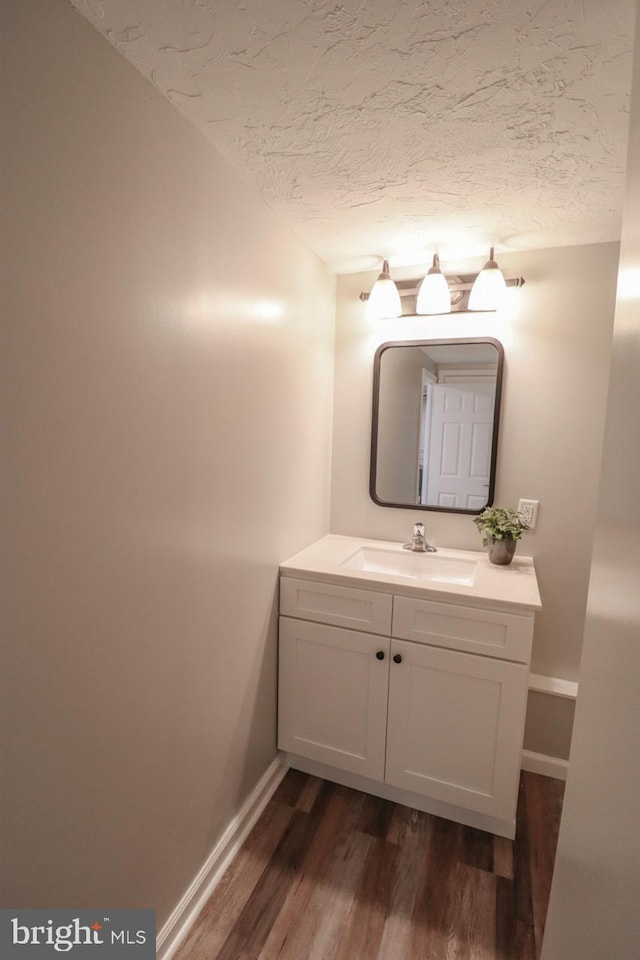 6381 Glatfelters Station Rd, Seven Valleys, PA 17360 - bathroom featuring baseboards, wood finished floors, vanity, and a textured ceiling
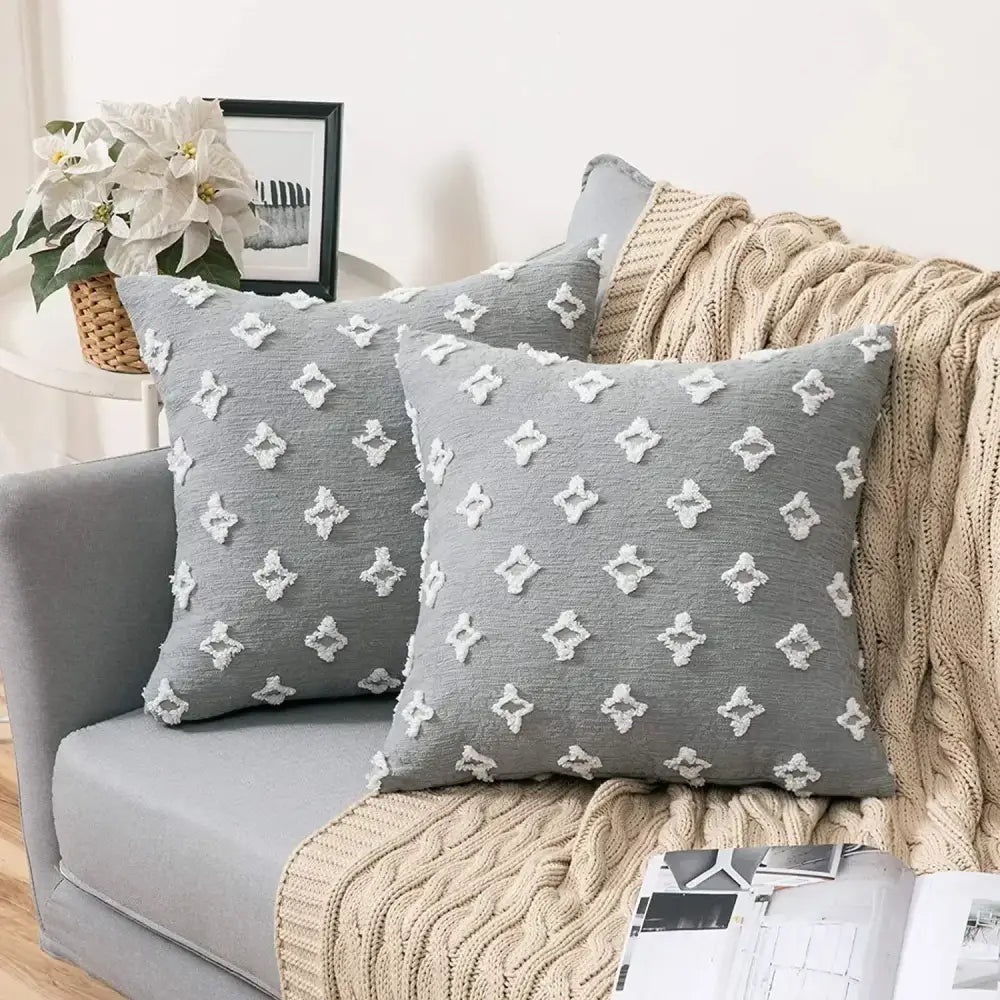 Plush black and white houndstooth cushion cover with gray throw pillows featuring white embroidered diamond patterns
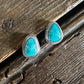 Turquoise stone earrings on a wooden surface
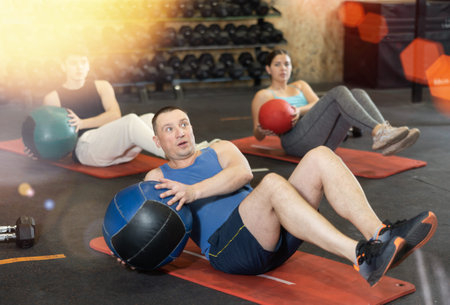 Strong middle-aged man performing exercise for abs core with medicine ball on yoga mat during group...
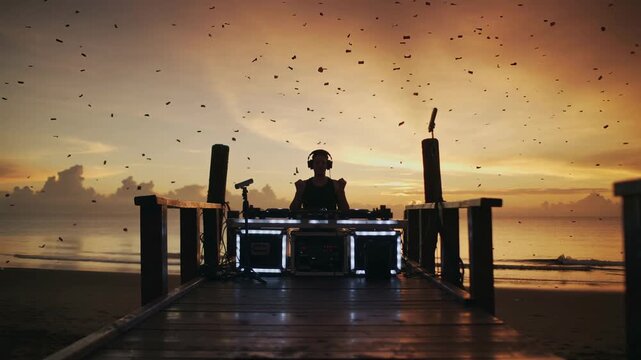 an energetic scene of a silhouette dj with hands raised performing on a beach pier during a golden sunset 
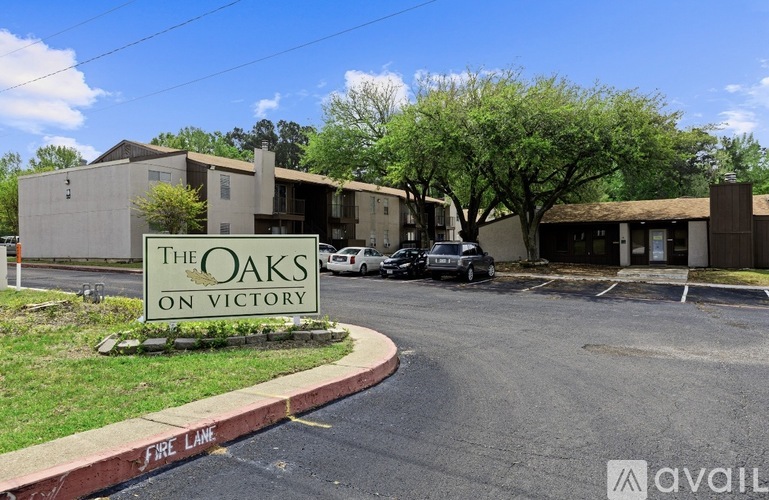The Oaks on Victory is a residential complex with a parking lot in front.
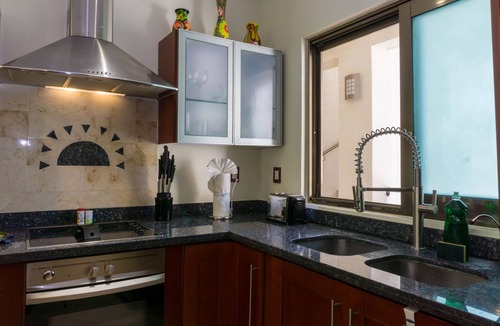Playacar Fase I Condo | Second Floor Unit with views of the gardens and pool at Paseo del Sol by BRIC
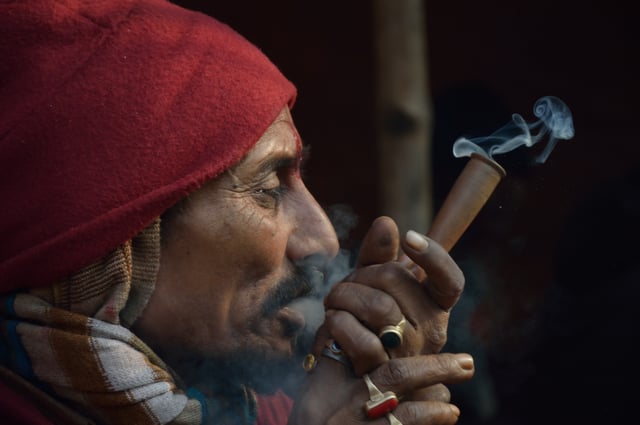 A man smoking cannabis in Kolkata, India.
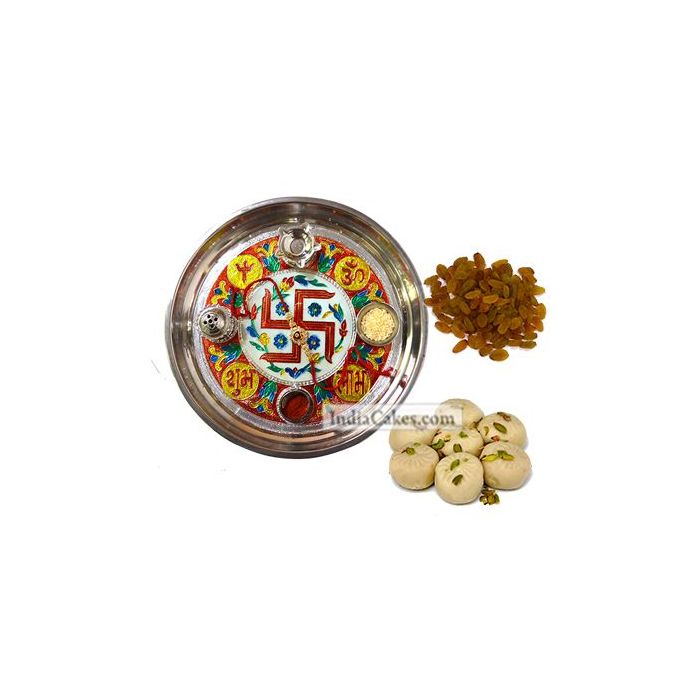 Golden Thali With Red Design And Pedha With Raisins Dryfruits Golden Thali With Red Design And Pedha With Raisins Dryfruits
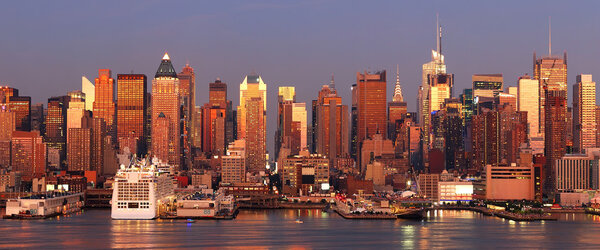 Urban city sunset. New York City Manhattan skyline panorama at sunset with Times Square and skyscrapers with reflection over Hudson river.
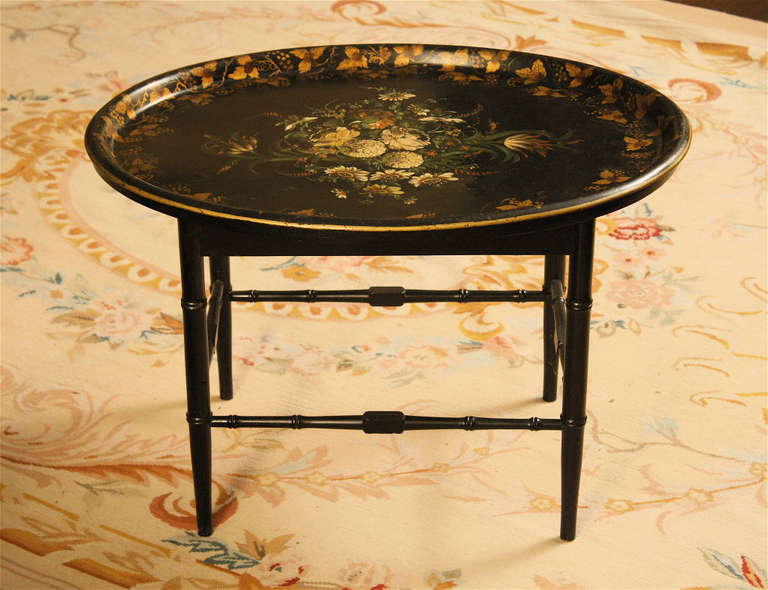An exceptionally fine painted and stenciled black lacquered oval tole tray, on a later faux bamboo turned stand.  The tray rests securely in the stand, and can be lifted out as desired.
In America, painted 'tinware' is deemed folk art; though some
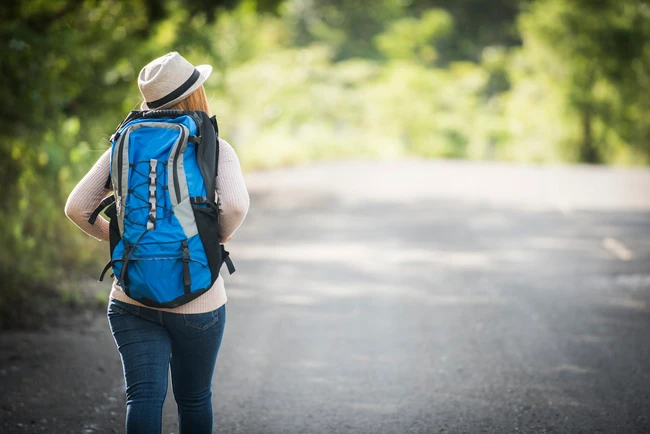Randonneuse avec un sac à dos bleu, marchant sur une route entourée de verdure.
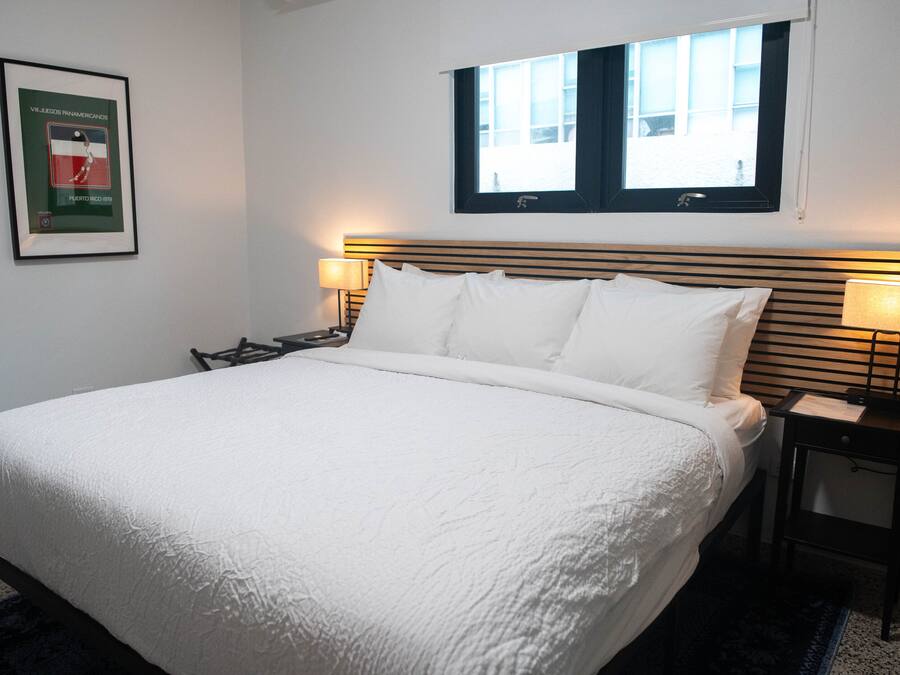 Een keurig opgemaakt bed met witte lakens in een hotelkamer. Er hangt een lijstje aan de muur, een raam met zonwering en een nachtkastje met een lamp.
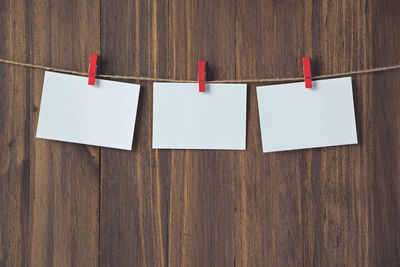 Close-up of blank papers hanging with clothespins on string against wooden wall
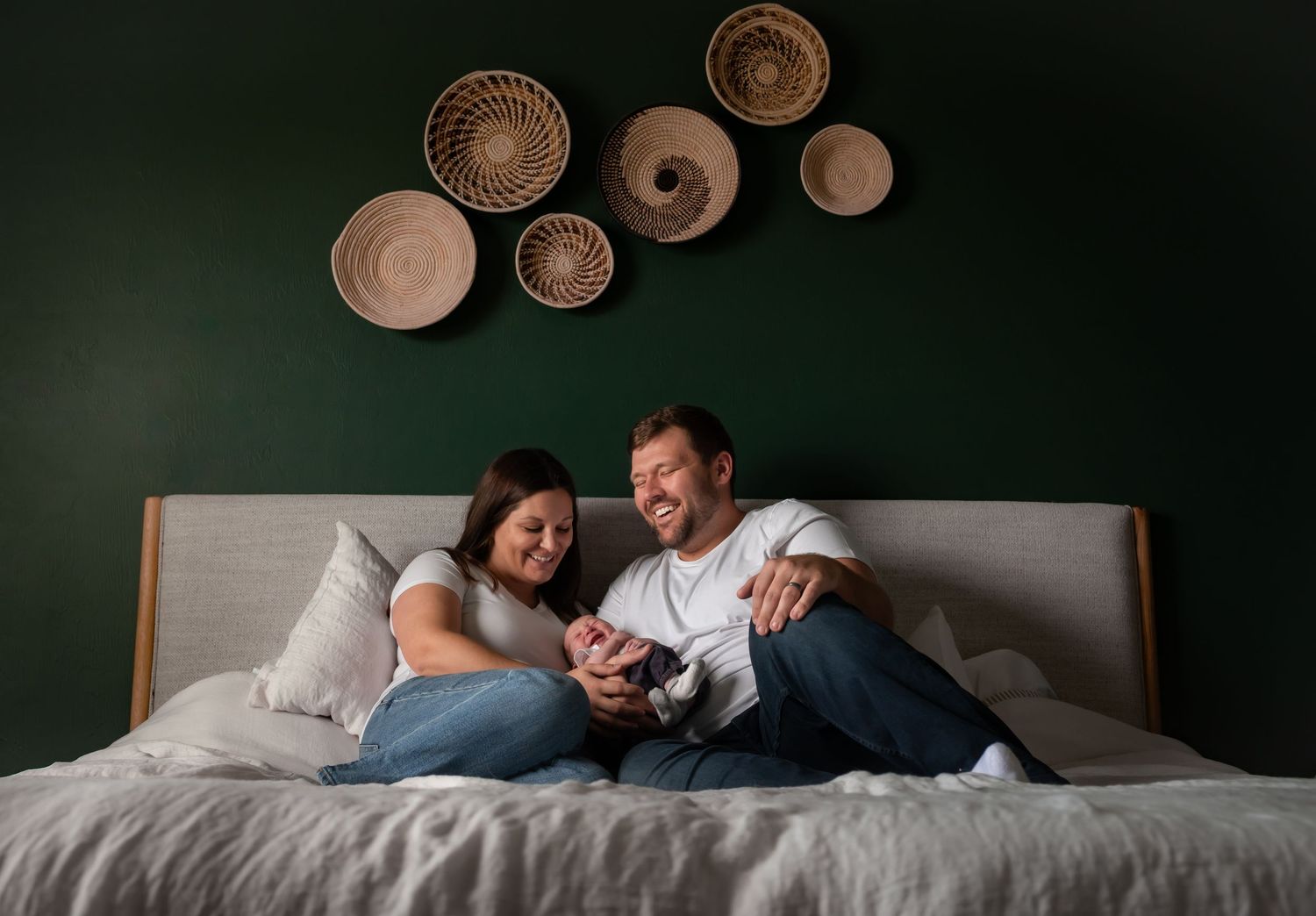 Happy couple sitting on bed with newborn baby, green wall with woven basket decor behind them.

§ Exercise brief
Find the line with "Turquoise stone earrings on a wooden surface" in the entries above. Set down exactly every line from it up to and including the line with "A man smoking cannabis in Kolkata, India.", images excluded.

§ Response for this exercise
 Turquoise stone earrings on a wooden surface
 Strong middle-aged man performing exercise for abs core with medicine ball on yoga mat during group...
 an energetic scene of a silhouette dj with hands raised performing on a beach pier during a golden sunset 
The Oaks on Victory is a residential complex with a parking lot in front.
Playacar Fase I Condo | Second Floor Unit with views of the gardens and pool at Paseo del Sol by BRIC
 A man smoking cannabis in Kolkata, India.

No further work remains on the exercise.